TASK GOAL: Each record must be retyped word for word.

INPUT:

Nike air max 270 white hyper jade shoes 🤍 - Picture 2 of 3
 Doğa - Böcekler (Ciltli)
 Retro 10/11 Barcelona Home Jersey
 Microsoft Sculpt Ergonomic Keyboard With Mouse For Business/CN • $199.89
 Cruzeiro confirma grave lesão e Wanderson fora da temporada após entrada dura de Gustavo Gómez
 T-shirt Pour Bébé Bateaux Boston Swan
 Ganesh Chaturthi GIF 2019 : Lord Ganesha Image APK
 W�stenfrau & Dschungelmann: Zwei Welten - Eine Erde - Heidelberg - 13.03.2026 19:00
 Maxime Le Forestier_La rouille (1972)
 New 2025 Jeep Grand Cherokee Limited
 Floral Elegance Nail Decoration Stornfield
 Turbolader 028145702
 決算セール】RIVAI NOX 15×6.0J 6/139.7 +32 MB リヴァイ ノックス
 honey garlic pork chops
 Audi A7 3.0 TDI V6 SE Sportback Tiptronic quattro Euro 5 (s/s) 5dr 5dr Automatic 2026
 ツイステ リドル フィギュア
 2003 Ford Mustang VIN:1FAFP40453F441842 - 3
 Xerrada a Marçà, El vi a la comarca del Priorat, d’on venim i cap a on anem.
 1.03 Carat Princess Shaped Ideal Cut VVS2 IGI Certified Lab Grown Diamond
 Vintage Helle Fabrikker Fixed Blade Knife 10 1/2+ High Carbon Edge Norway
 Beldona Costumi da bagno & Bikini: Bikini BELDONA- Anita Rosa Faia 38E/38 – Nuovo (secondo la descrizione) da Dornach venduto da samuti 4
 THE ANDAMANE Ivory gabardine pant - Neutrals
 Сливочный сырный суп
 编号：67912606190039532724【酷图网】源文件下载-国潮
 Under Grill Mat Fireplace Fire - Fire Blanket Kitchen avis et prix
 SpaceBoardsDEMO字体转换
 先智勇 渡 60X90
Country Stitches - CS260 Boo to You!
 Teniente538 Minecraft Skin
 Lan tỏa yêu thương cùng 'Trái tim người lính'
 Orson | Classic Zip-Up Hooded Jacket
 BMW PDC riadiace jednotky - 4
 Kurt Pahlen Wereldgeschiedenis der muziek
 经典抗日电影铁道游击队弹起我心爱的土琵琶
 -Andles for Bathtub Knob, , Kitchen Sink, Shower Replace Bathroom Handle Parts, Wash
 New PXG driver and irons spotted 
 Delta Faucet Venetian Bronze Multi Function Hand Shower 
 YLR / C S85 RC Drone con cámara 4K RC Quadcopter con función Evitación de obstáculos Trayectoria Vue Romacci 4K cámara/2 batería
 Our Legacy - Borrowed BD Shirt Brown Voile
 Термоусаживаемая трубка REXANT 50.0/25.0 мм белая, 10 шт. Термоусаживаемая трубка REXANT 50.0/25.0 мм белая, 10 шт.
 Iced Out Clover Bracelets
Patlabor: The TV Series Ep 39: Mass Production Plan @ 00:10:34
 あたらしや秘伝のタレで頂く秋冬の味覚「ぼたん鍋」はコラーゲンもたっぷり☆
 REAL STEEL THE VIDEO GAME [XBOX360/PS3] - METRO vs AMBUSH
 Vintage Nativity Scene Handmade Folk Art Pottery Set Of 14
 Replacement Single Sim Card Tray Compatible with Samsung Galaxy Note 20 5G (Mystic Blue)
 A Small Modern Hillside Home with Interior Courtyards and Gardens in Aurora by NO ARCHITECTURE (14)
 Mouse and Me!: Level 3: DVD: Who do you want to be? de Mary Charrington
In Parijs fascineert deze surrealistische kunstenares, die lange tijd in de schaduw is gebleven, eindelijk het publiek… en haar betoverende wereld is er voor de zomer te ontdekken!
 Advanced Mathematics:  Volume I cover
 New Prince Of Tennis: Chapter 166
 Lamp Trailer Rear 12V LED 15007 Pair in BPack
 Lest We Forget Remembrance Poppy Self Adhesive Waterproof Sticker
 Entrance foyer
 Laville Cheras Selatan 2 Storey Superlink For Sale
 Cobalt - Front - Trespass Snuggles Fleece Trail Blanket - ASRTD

RESULT BELOW:
Nike air max 270 white hyper jade shoes 🤍 - Picture 2 of 3
 Doğa - Böcekler (Ciltli)
 Retro 10/11 Barcelona Home Jersey
 Microsoft Sculpt Ergonomic Keyboard With Mouse For Business/CN • $199.89
 Cruzeiro confirma grave lesão e Wanderson fora da temporada após entrada dura de Gustavo Gómez
 T-shirt Pour Bébé Bateaux Boston Swan
 Ganesh Chaturthi GIF 2019 : Lord Ganesha Image APK
 W�stenfrau & Dschungelmann: Zwei Welten - Eine Erde - Heidelberg - 13.03.2026 19:00
 Maxime Le Forestier_La rouille (1972)
 New 2025 Jeep Grand Cherokee Limited
 Floral Elegance Nail Decoration Stornfield
 Turbolader 028145702
 決算セール】RIVAI NOX 15×6.0J 6/139.7 +32 MB リヴァイ ノックス
 honey garlic pork chops
 Audi A7 3.0 TDI V6 SE Sportback Tiptronic quattro Euro 5 (s/s) 5dr 5dr Automatic 2026
 ツイステ リドル フィギュア
 2003 Ford Mustang VIN:1FAFP40453F441842 - 3
 Xerrada a Marçà, El vi a la comarca del Priorat, d’on venim i cap a on anem.
 1.03 Carat Princess Shaped Ideal Cut VVS2 IGI Certified Lab Grown Diamond
 Vintage Helle Fabrikker Fixed Blade Knife 10 1/2+ High Carbon Edge Norway
 Beldona Costumi da bagno & Bikini: Bikini BELDONA- Anita Rosa Faia 38E/38 – Nuovo (secondo la descrizione) da Dornach venduto da samuti 4
 THE ANDAMANE Ivory gabardine pant - Neutrals
 Сливочный сырный суп
 编号：67912606190039532724【酷图网】源文件下载-国潮
 Under Grill Mat Fireplace Fire - Fire Blanket Kitchen avis et prix
 SpaceBoardsDEMO字体转换
 先智勇 渡 60X90
Country Stitches - CS260 Boo to You!
 Teniente538 Minecraft Skin
 Lan tỏa yêu thương cùng 'Trái tim người lính'
 Orson | Classic Zip-Up Hooded Jacket
 BMW PDC riadiace jednotky - 4
 Kurt Pahlen Wereldgeschiedenis der muziek
 经典抗日电影铁道游击队弹起我心爱的土琵琶
 -Andles for Bathtub Knob, , Kitchen Sink, Shower Replace Bathroom Handle Parts, Wash
 New PXG driver and irons spotted 
 Delta Faucet Venetian Bronze Multi Function Hand Shower 
 YLR / C S85 RC Drone con cámara 4K RC Quadcopter con función Evitación de obstáculos Trayectoria Vue Romacci 4K cámara/2 batería
 Our Legacy - Borrowed BD Shirt Brown Voile
 Термоусаживаемая трубка REXANT 50.0/25.0 мм белая, 10 шт. Термоусаживаемая трубка REXANT 50.0/25.0 мм белая, 10 шт.
 Iced Out Clover Bracelets
Patlabor: The TV Series Ep 39: Mass Production Plan @ 00:10:34
 あたらしや秘伝のタレで頂く秋冬の味覚「ぼたん鍋」はコラーゲンもたっぷり☆
 REAL STEEL THE VIDEO GAME [XBOX360/PS3] - METRO vs AMBUSH
 Vintage Nativity Scene Handmade Folk Art Pottery Set Of 14
 Replacement Single Sim Card Tray Compatible with Samsung Galaxy Note 20 5G (Mystic Blue)
 A Small Modern Hillside Home with Interior Courtyards and Gardens in Aurora by NO ARCHITECTURE (14)
 Mouse and Me!: Level 3: DVD: Who do you want to be? de Mary Charrington
In Parijs fascineert deze surrealistische kunstenares, die lange tijd in de schaduw is gebleven, eindelijk het publiek… en haar betoverende wereld is er voor de zomer te ontdekken!
 Advanced Mathematics:  Volume I cover
 New Prince Of Tennis: Chapter 166
 Lamp Trailer Rear 12V LED 15007 Pair in BPack
 Lest We Forget Remembrance Poppy Self Adhesive Waterproof Sticker
 Entrance foyer
 Laville Cheras Selatan 2 Storey Superlink For Sale
 Cobalt - Front - Trespass Snuggles Fleece Trail Blanket - ASRTD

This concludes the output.